Exercise prompt: Below are entries. Give back exactly the lines from the one containing "Snapshot of MsAttitude" through the one containing "Los días en", inclusive, without the pictures.

Records provided:
-- Opening Marker --
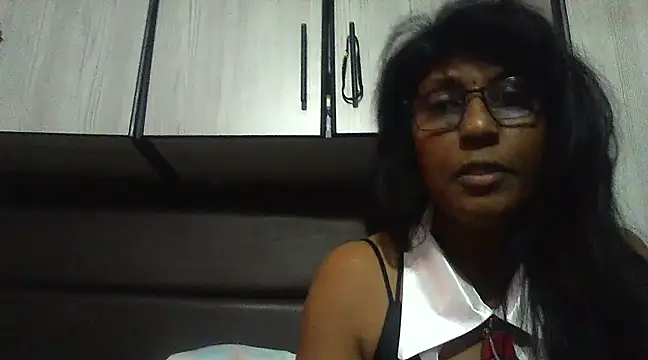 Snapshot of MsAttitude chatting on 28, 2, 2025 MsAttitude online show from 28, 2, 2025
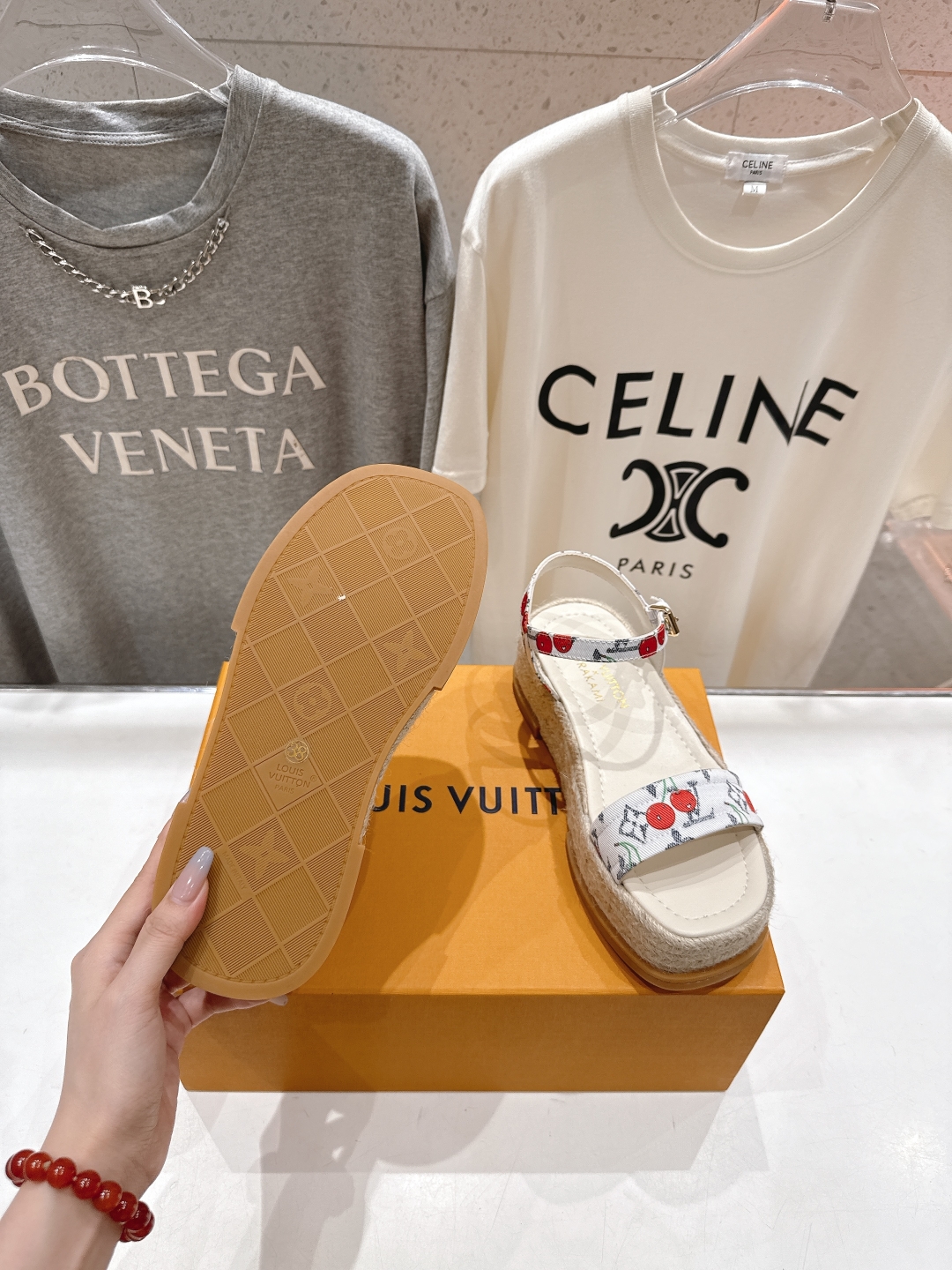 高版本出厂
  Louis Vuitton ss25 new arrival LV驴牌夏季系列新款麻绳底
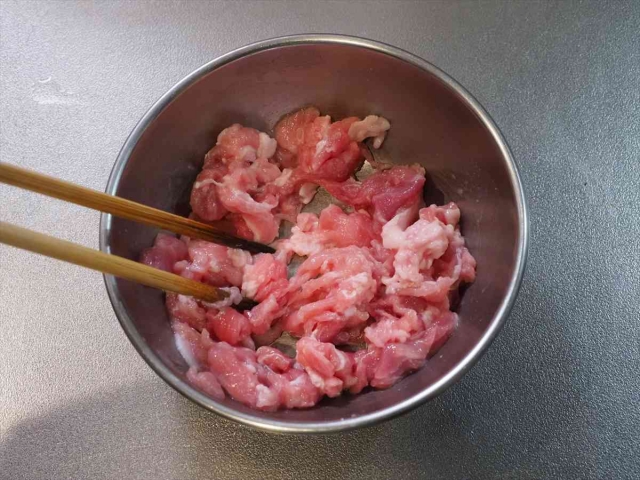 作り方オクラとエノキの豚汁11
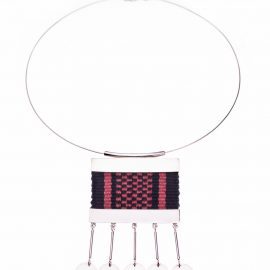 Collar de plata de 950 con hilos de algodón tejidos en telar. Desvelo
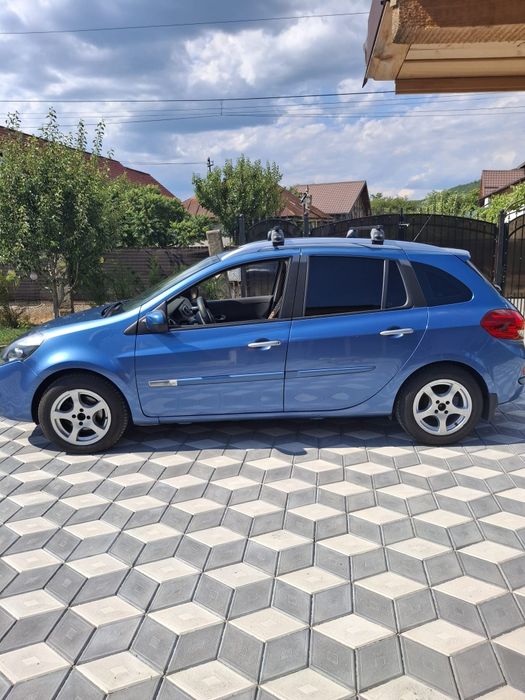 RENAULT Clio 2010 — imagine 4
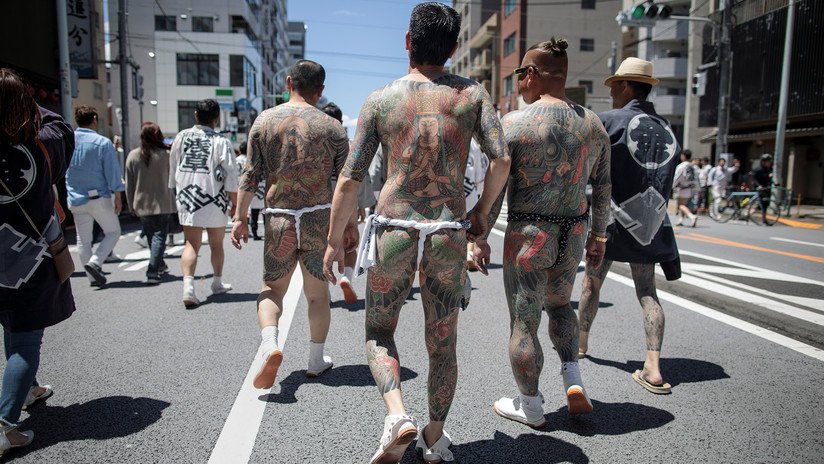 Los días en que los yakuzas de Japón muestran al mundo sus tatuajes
-- Closing Marker --
-- Opening Marker --
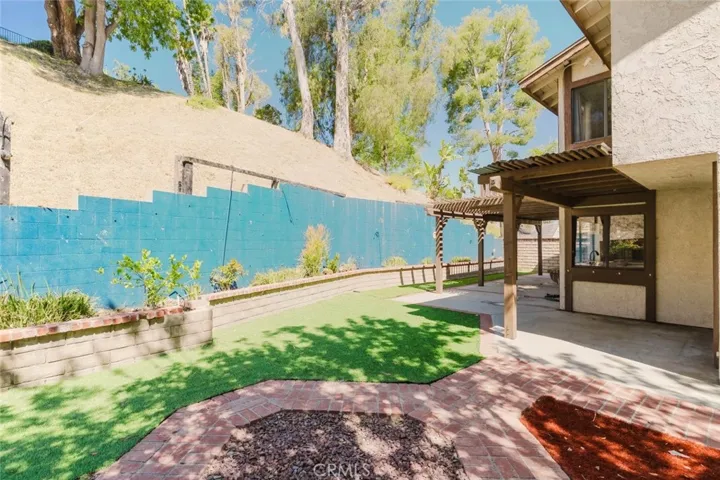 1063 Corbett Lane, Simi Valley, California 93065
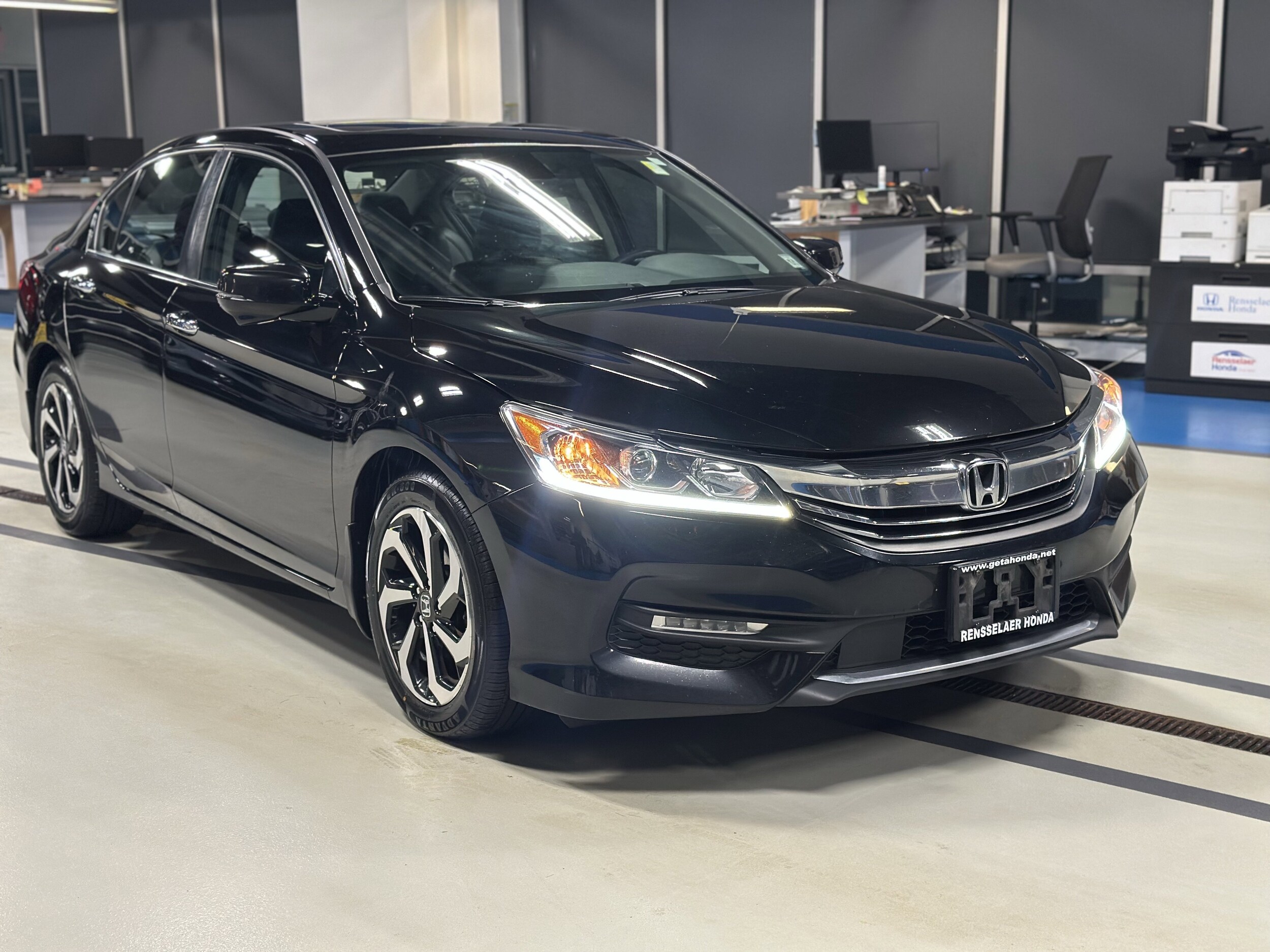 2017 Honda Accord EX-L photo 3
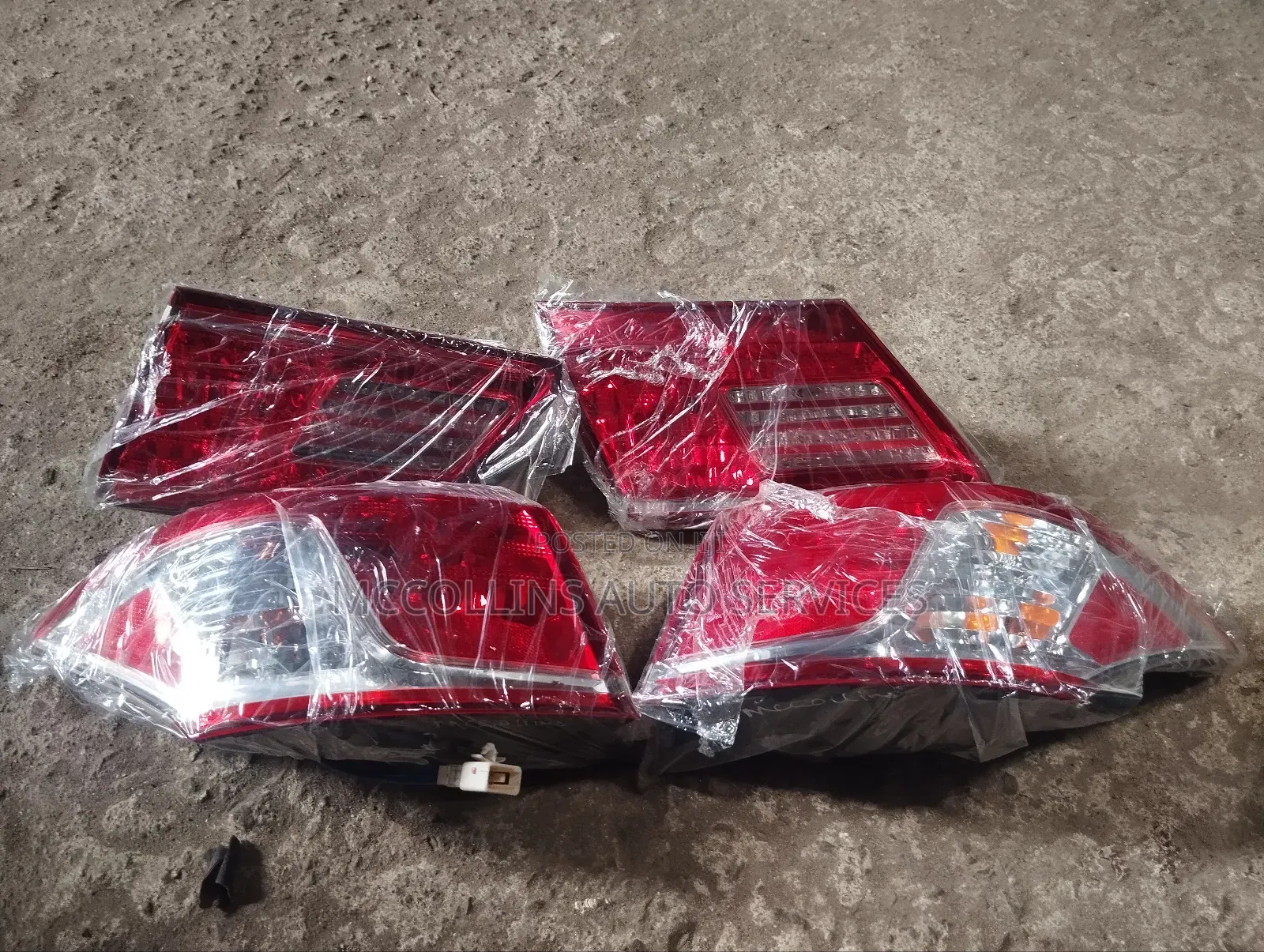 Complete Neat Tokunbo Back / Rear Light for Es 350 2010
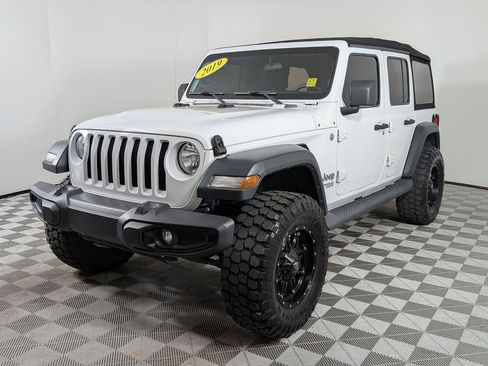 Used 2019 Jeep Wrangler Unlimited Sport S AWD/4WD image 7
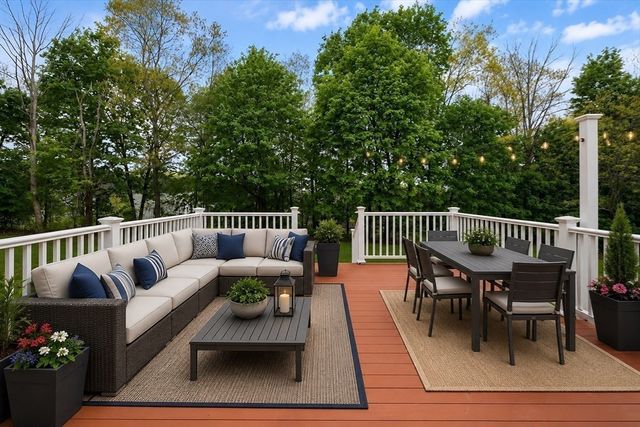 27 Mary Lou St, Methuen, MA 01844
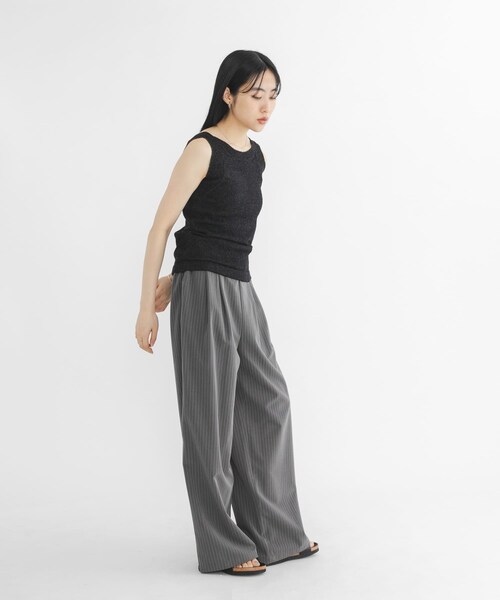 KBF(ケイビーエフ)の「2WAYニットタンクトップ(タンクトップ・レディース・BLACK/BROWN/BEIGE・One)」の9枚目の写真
-- Closing Marker --
-- Opening Marker --
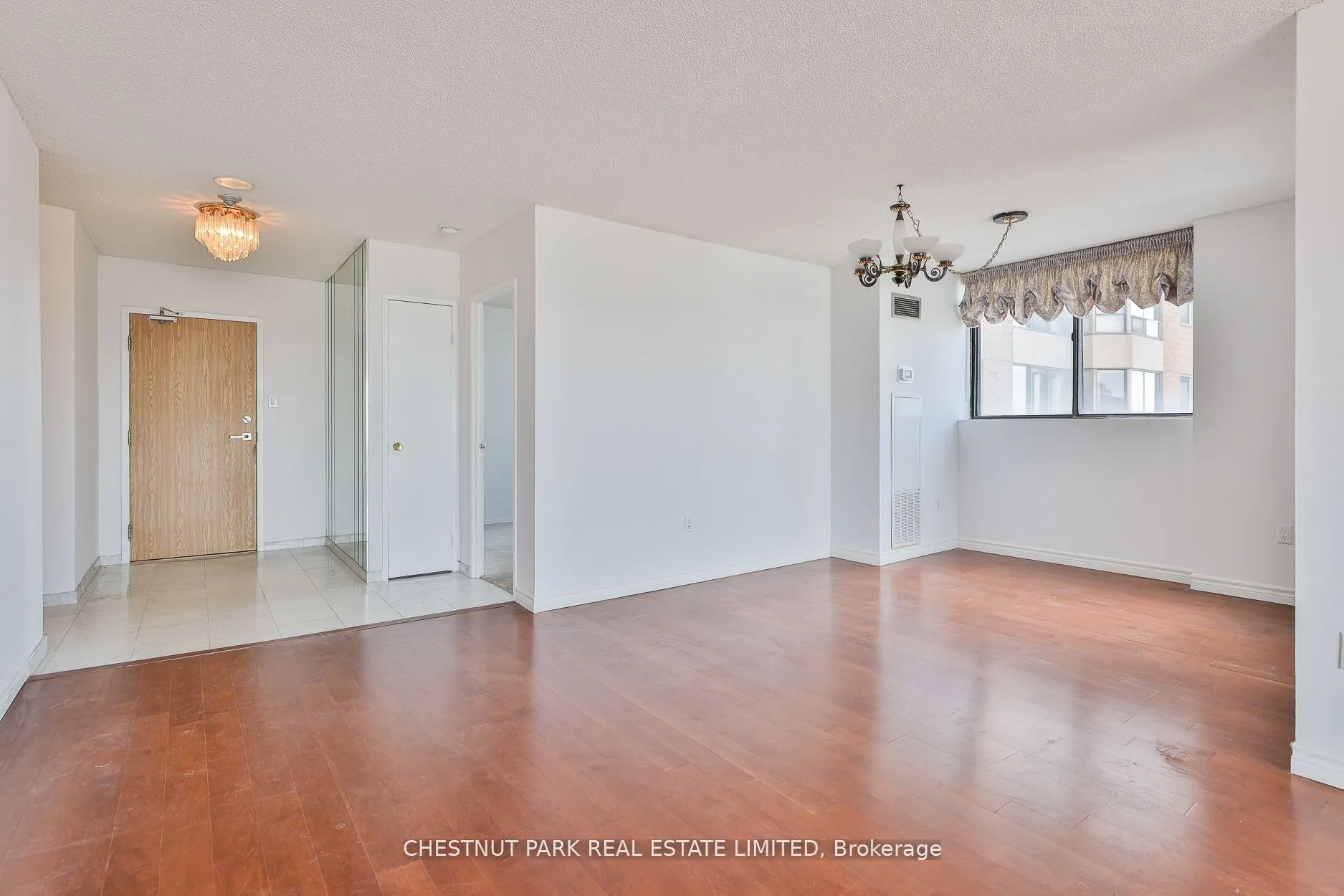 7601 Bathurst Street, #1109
-- Closing Marker --
Solution to this problem:
 Snapshot of MsAttitude chatting on 28, 2, 2025 MsAttitude online show from 28, 2, 2025
 高版本出厂
  Louis Vuitton ss25 new arrival LV驴牌夏季系列新款麻绳底
 作り方オクラとエノキの豚汁11
 Collar de plata de 950 con hilos de algodón tejidos en telar. Desvelo
 RENAULT Clio 2010 — imagine 4
 Los días en que los yakuzas de Japón muestran al mundo sus tatuajes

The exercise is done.